WHAT THE TASK ASKS -> The answer must reproduce all of the data below exactly and contain no images.

DATA SUPPLIED ->
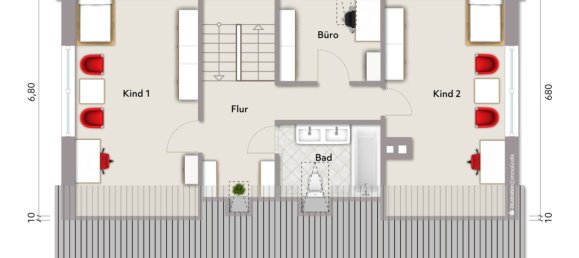 4 bedrooms House in Rendsburg-Eckernforde, Germany No. 282647 16
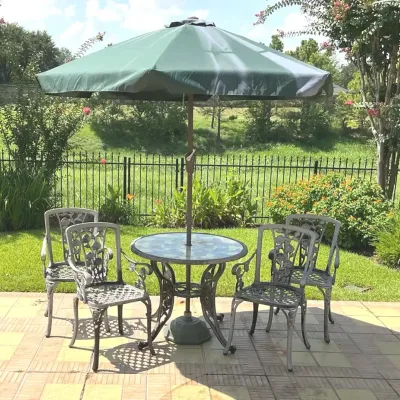 Patio Table Set
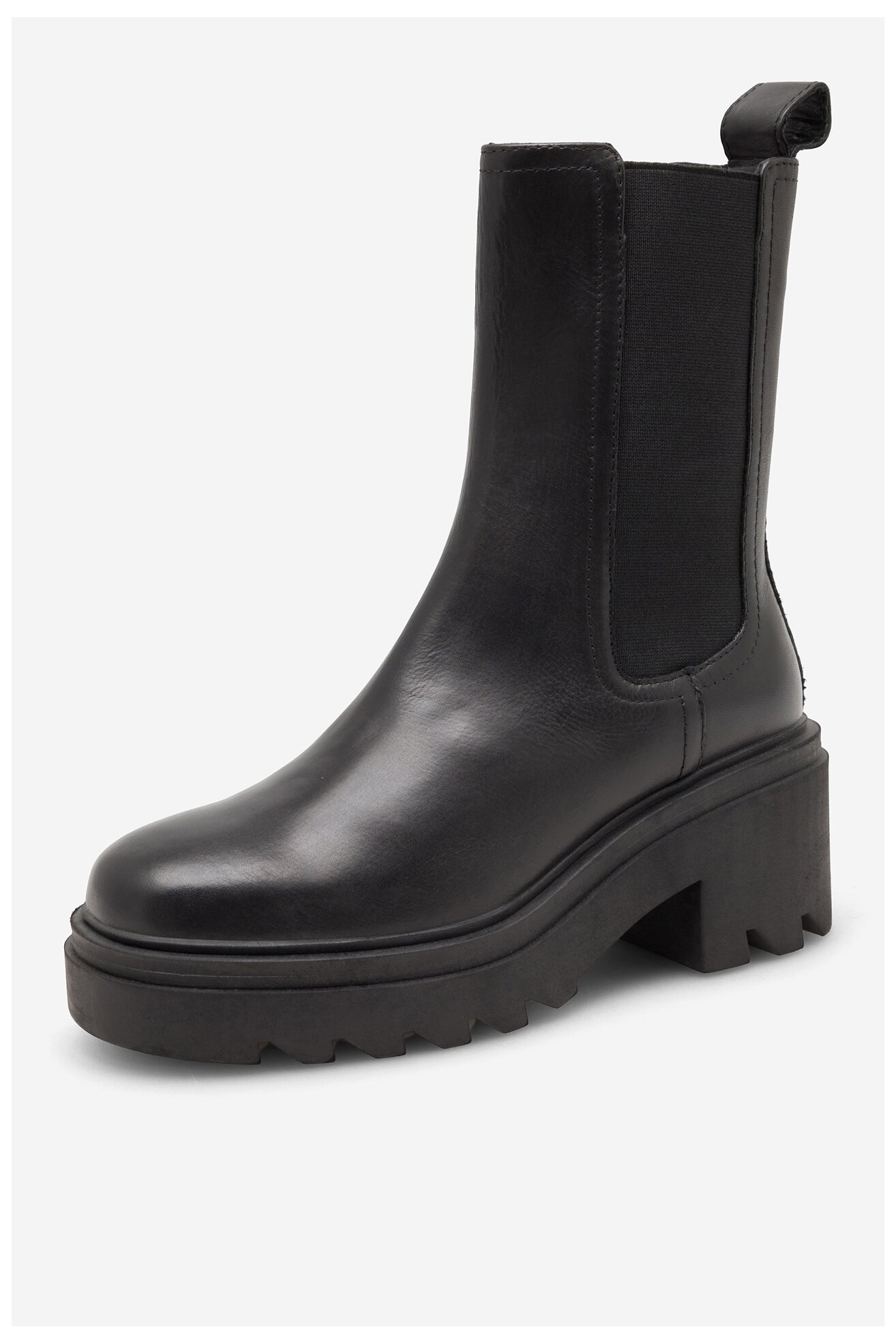 Боти Gino Rossi CIRCE-RST-02G ЧЕРЕН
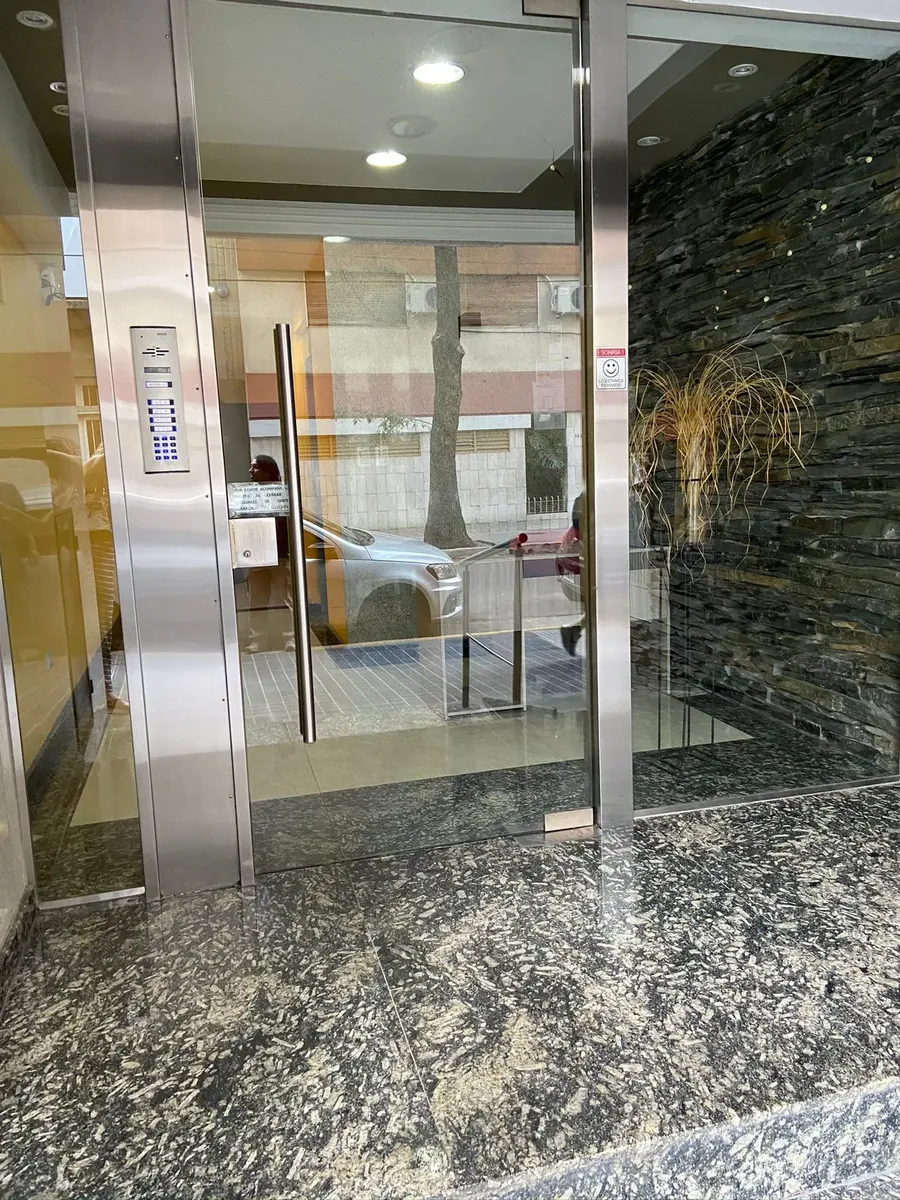 Monoambiente con balcón en Almagro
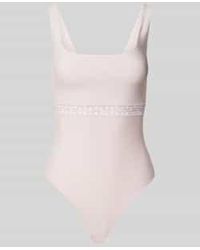 Triumph - Body Met Vierkante Hals - Lyst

ANSWER SECTION ->
 4 bedrooms House in Rendsburg-Eckernforde, Germany No. 282647 16
 Patio Table Set
 Боти Gino Rossi CIRCE-RST-02G ЧЕРЕН
 Monoambiente con balcón en Almagro
 Triumph - Body Met Vierkante Hals - Lyst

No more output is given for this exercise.